The Bible Challenge — Week 6

9 May

OK.  I am a bad blogger.  And this Bible Challenge really is a challenge — not as much the reading of scripture as the making time to read.  I am still working on just the right pattern of reading so that I am not constantly scrambling to catch up.  I have let a few days go as well.  But when I do sit down to read the scripture, I am glad I did so… even if the text isn’t as always as immediately rewarding as it is at other times.  In the Old Testament we had a wonderful narrative journey from the dawn of Creation, through the salvation of the Israelites from Egypt.  We were introduced to some of the great leaders of the faith.  (And at times we were at times bogged down by details, like measurements and genealogy.)  The end of Exodus and beginning of Leviticus provide a lot of those kinds of details, lots of technical information about how vestments, and worship space and form should be.  I think it is overwhelming and inspiring — what if we took such care in our lives, to sanctify all that we do in thanksgiving to God.  What if we believed that even the most mundane aspects of our lives were holy in the sight of God.  That is one thing I love about the Bible Challenge so far, that I spend a lot more time reading and pondering scripture.  I have noticed that I have been seeing things around me through the lens of scripture.  My experience of theological reflection is deepening.  Have you noticed that as well?

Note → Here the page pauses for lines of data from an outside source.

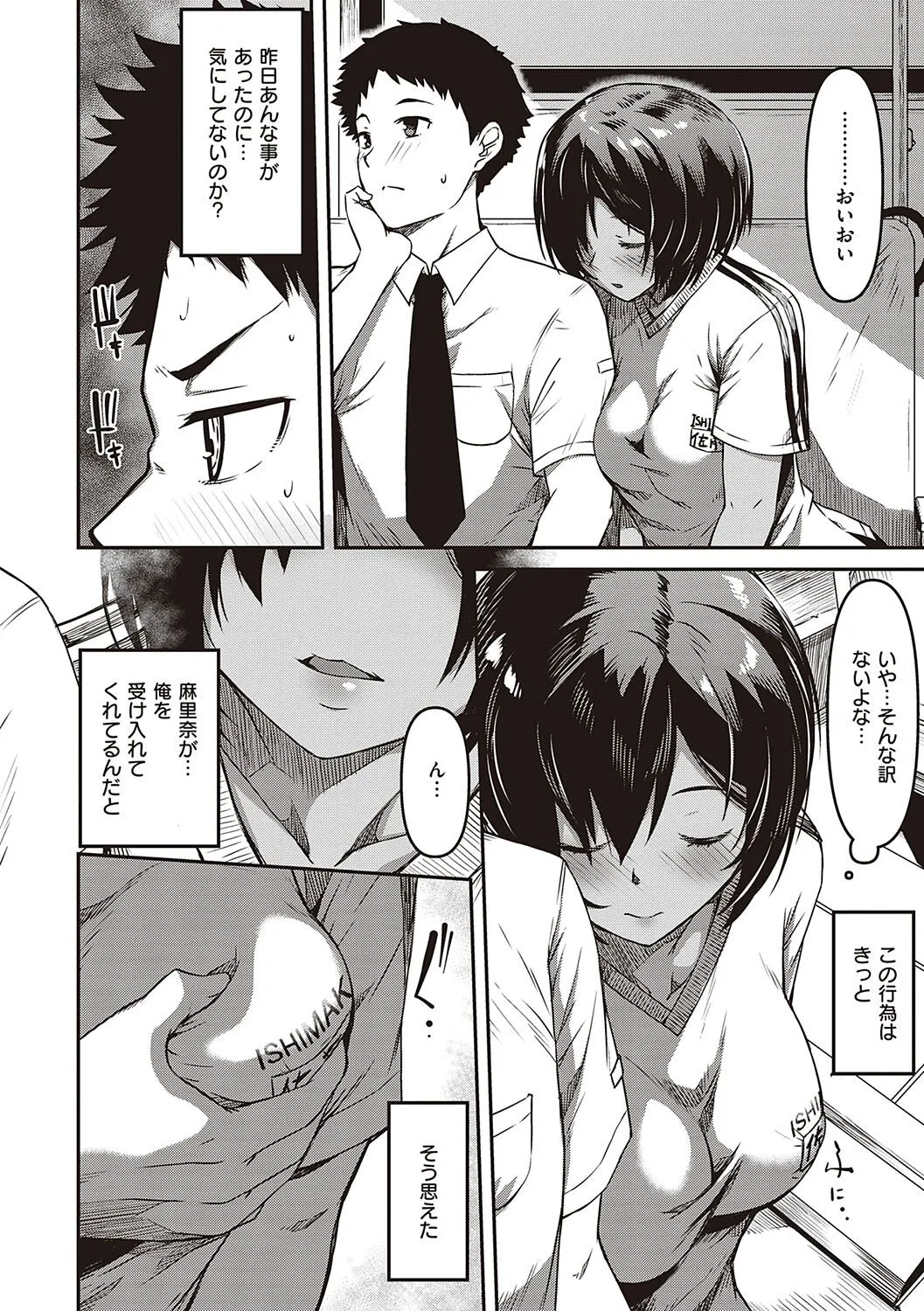 Page 118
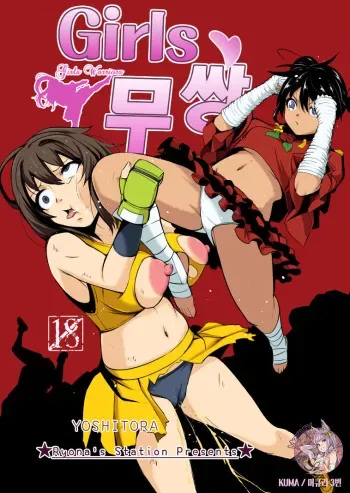 [Ryona's Station (YOSHITORA)] Girls Musou | Girls 무쌍 [Korean] [Digital] manga cover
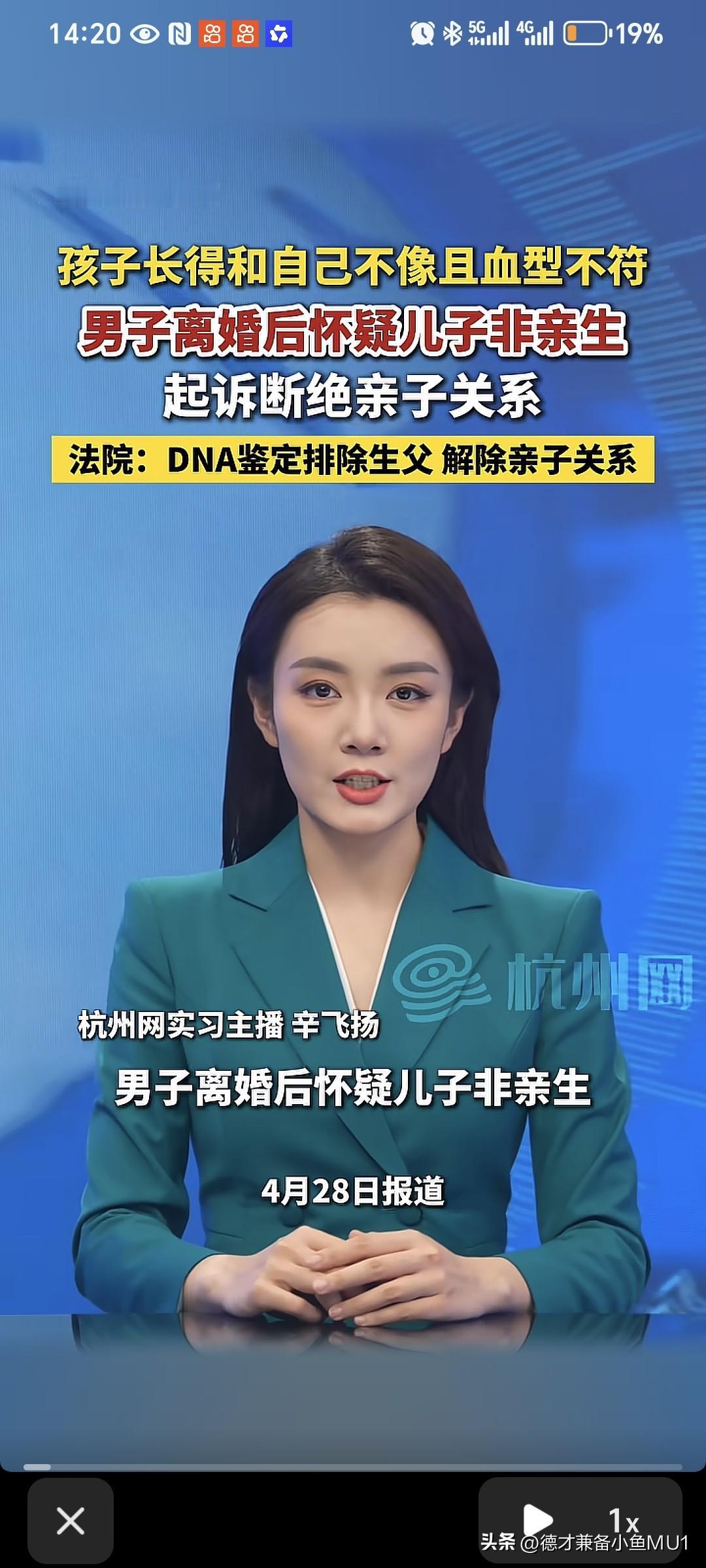 男子离婚后怀疑儿子并非亲生，遂起诉断绝父子关系。缘由是孩子越长越不像自己，且血型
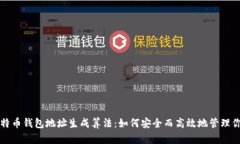 深入探讨比特币钱包地址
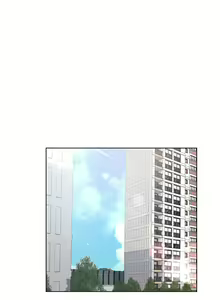 Page 147 of My Sister's Friends - preview thumbnail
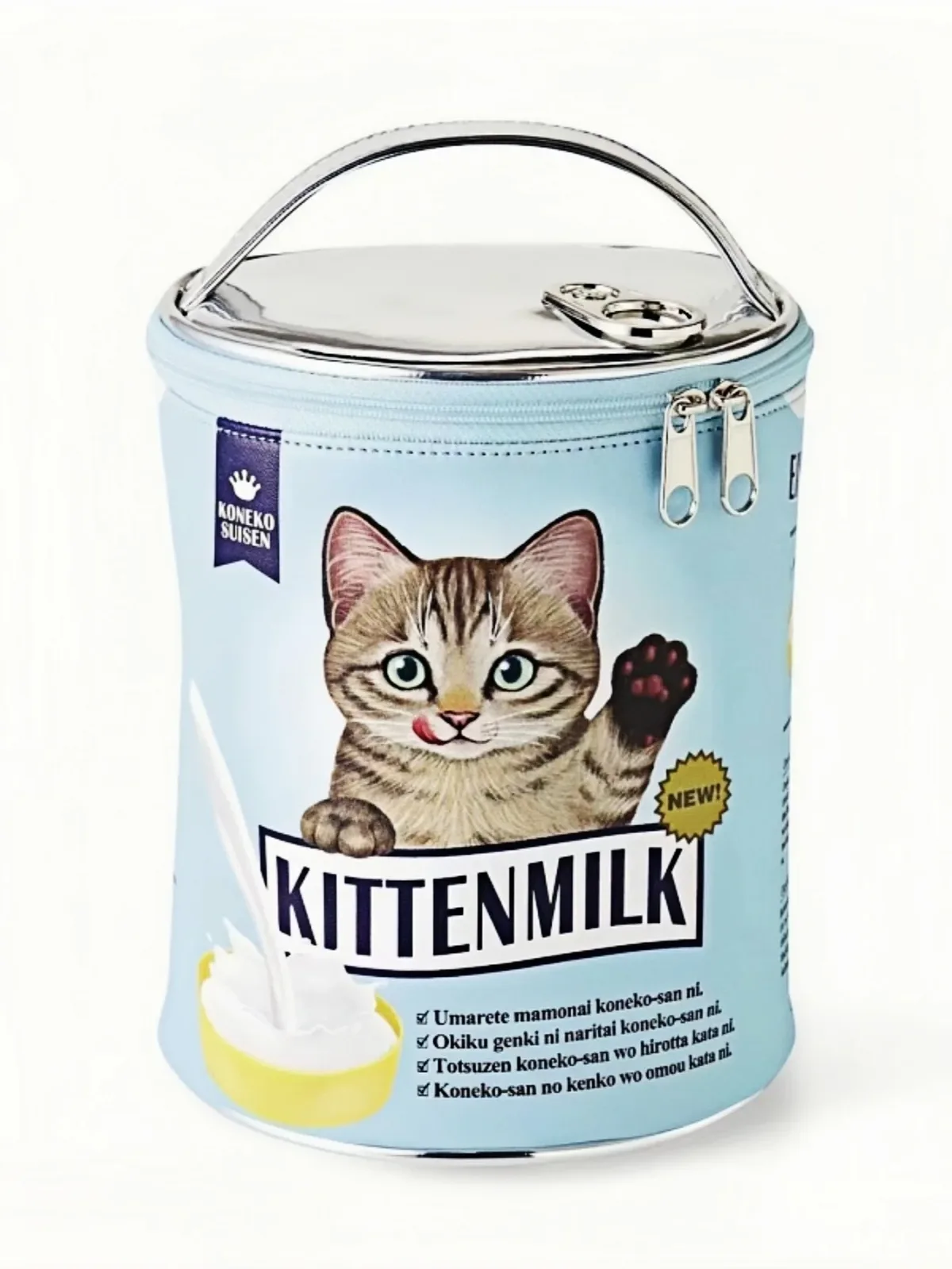 sac à cosmétiques de grande capacité avec compartiments internes, chat mignon, sac à boire du lait, sac de voyage, usage domestique préféré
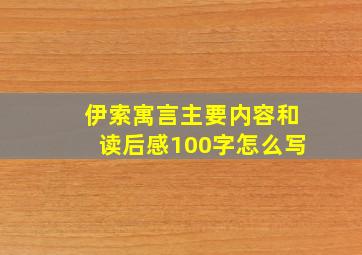 伊索寓言主要内容和读后感100字怎么写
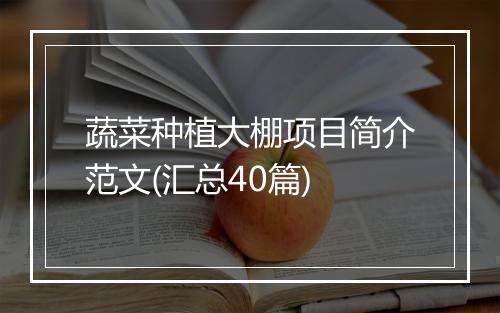 蔬菜种植大棚项目简介范文(汇总40篇)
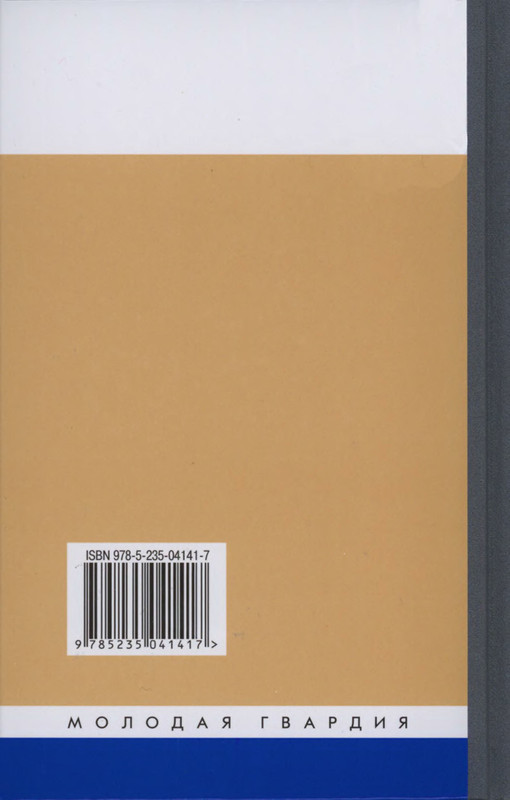 p0002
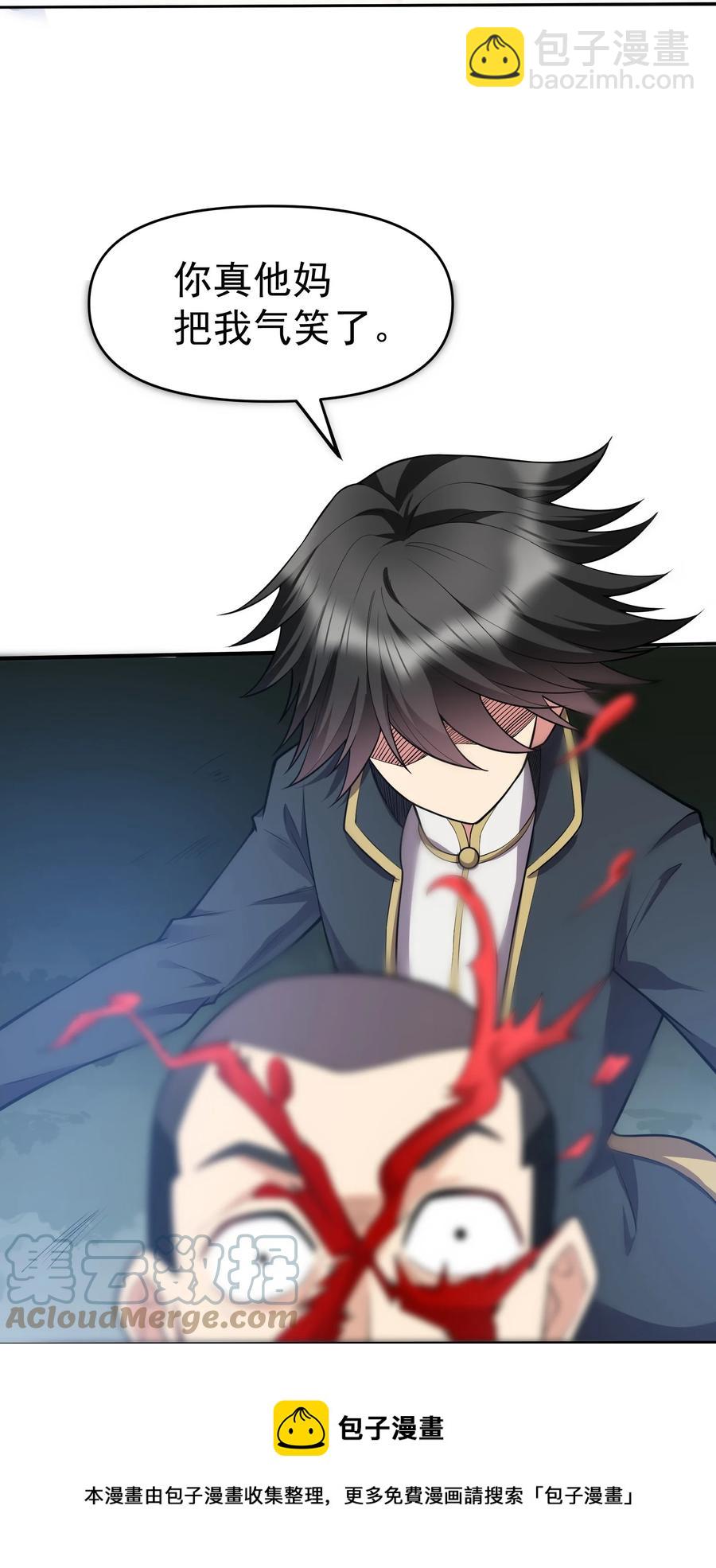 29 龙龙受伤(1/2)-第29话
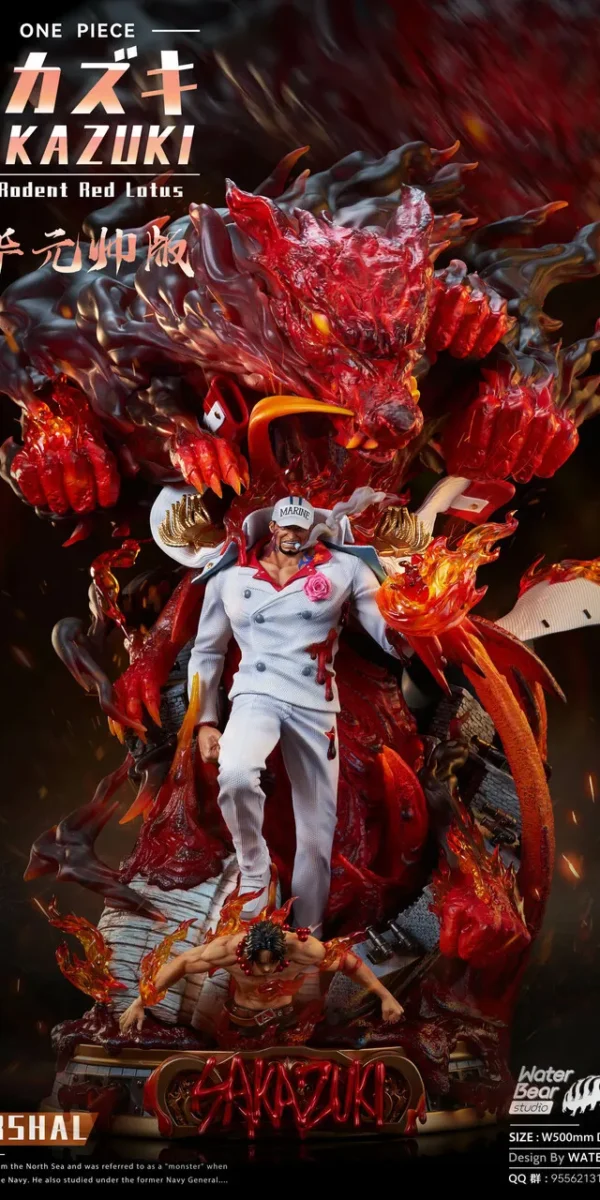 【Pre order】WaterBear Studio 1/6 Sakazuki with LED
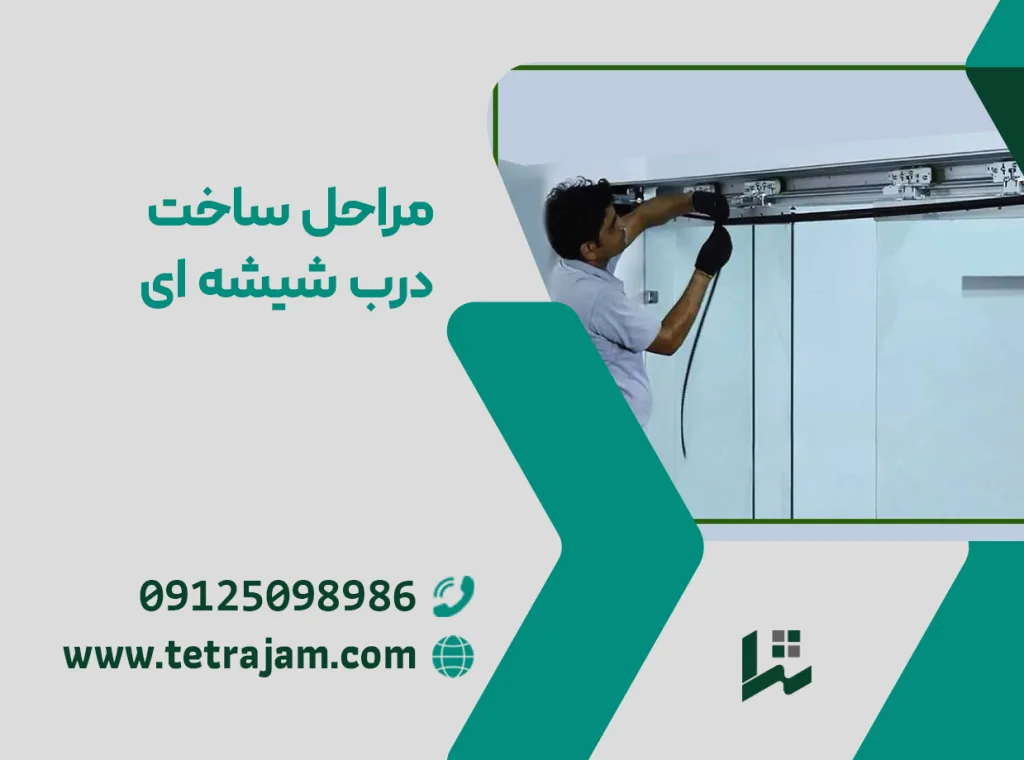 مراحل ساخت درب شیشه ای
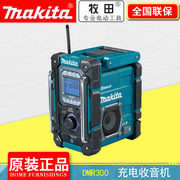 牧田DMR300充电式收音机手机音响蓝牙音乐播放器户外无线锂电18V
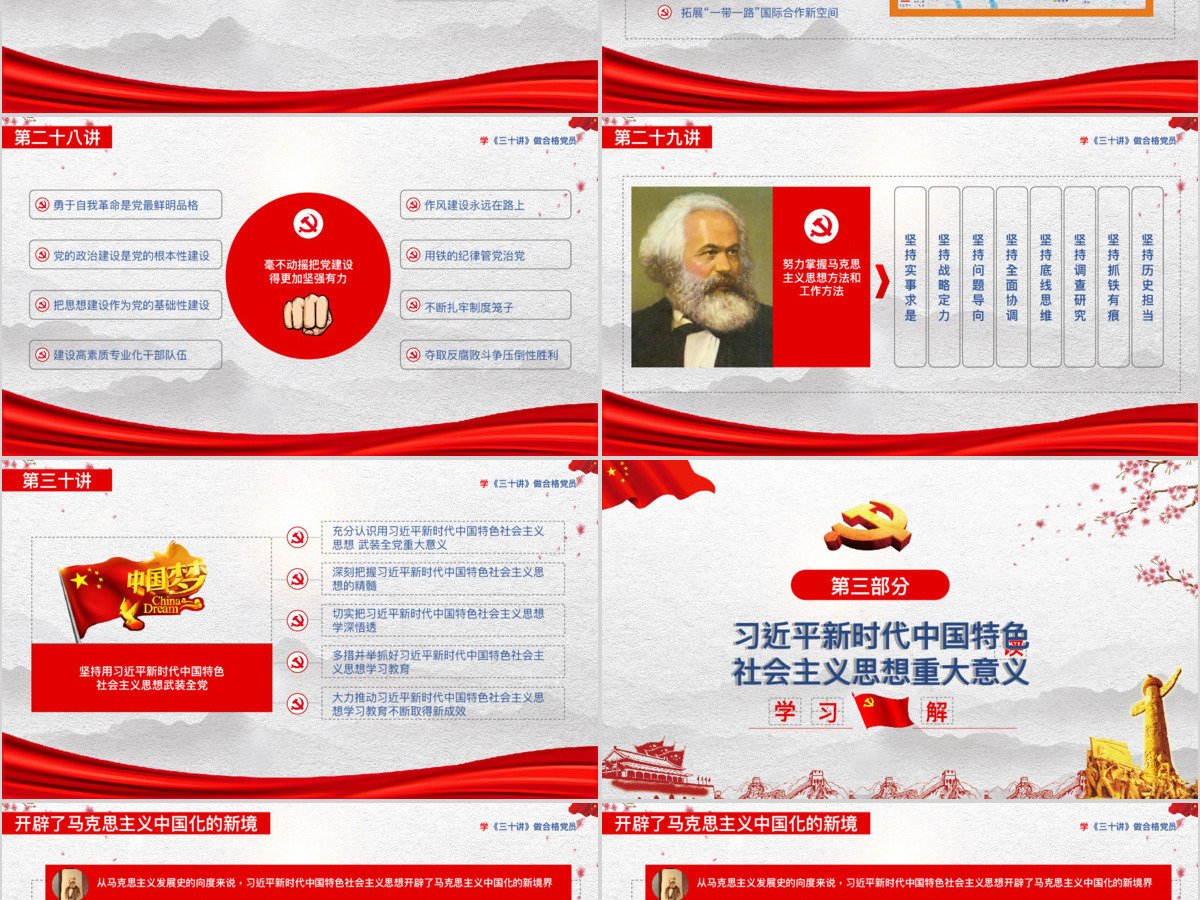 党政党课习近平新时代中国特色社会主义思想三十讲党课党建ppt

One interesting thing about this experience — we will find our way through each of the four Gospel accounts.  We have experienced Christ’s birth, life and minstry, and his death and resurrection, through Matthew’s eyes… and now we are immersed in the Gospel according to Mark.  A seminary professor once told me that Mark’s account is an express train to the Cross.  There is no birth narrative — we begin with John the Baptist, and Jesus’ baptism, as an adult, by John.  Then Jesus is immediately driven out into the wilderness by the Spirit and is tempted by Satan.  Jesus builds his team of disciples and immediately sets out to heal and proclaim the Good News.  Everything happens with great haste, immediately.  The disciples just don’t understand what’s going on, and yet Jesus continues to empower them to serve the Gospel.  Jesus keeps telling people not to tell others about him — which only seems to increase their zeal and motivation to shout with joy to all whom they encounter.  Many lenses for us to see and hear and experience the living Word…Read with others, and ask questions, and share your own perspectives… God’s Word continues to be revealed through us, in Christ.